The people were poor, in that all their money went to buy the HIV drugs so there was nothing left for school supplies, clothing for the children, tuition for secondary school, cooking oil, etc. They had land and most of them had their children farming for them. One woman said she was lucky to still be strong enough to care for her kids, but couldn't afford to send the oldest ones to school. I won't post any pictures as some of them are a bit graphic, but you can go to Froody's site and check them out if you want to.

This picture is cute, though. The little girl just ran up and held my hand for a bit while I was walking with one of the volunteers to the next home. In a way I felt like a celebrity because things like this happens to us here. You get all the small children running, just to wave at you and say "Jambo!" or "How are you?" And the loved it when we'd answer, smile, and wave back.

Nairobi
Nairobi is Kenya's largest city and is just like other big cities. Only the traffic and driving is worse. Having been in Cairo for 24hours now I'll say that while Cairenes drive aggressively, they still seem to follow some traffic rules, whereas in Nairobi it's every man for himself. (In Nakuru they have traffic lights that are not in use. We asked a taxi driver when was the last time they were used and he said in 2002, only they caused too many accidents so the city government decided it was safer just to leave them off!)
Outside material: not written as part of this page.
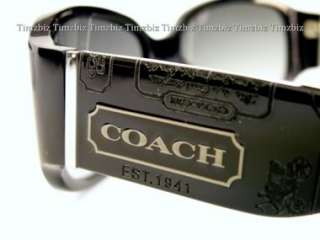 New Coach Sunglasses Rowan S827 Black Authentic  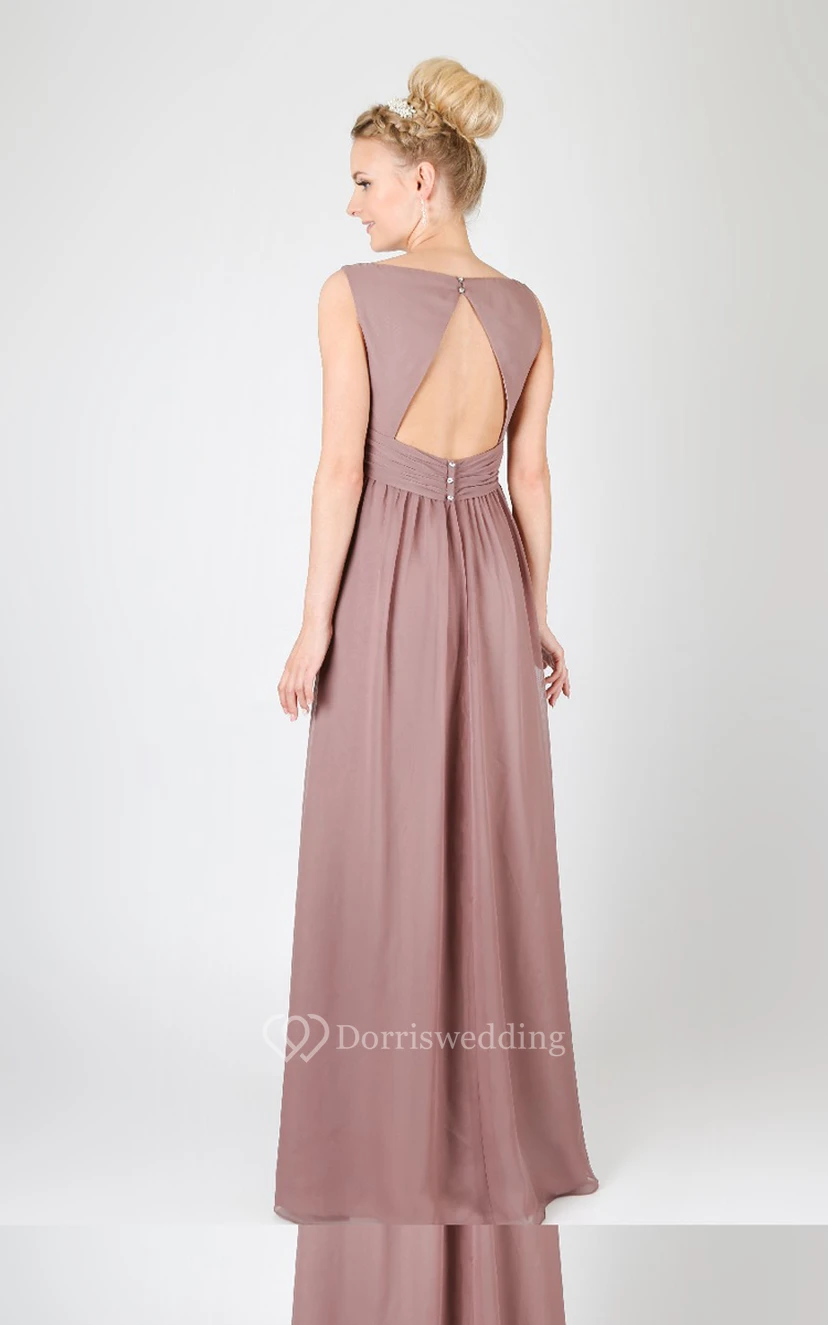 Long A-Line Tank Style Dress With Back Keyhole view 2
Only had one full day here and the "big thing" we did was eat at the world famous Carnivore restaurant. It was an adventure just getting there! but once there you get to eat all the meat you want. These guys walk around with lamb, beef, chicken, sausage, crocodile on meter-long sword/skewers. Then you get dessert! There's another guy who walks around making dawas, Kenya's signature mixed drink made with vodka, limes, and honey.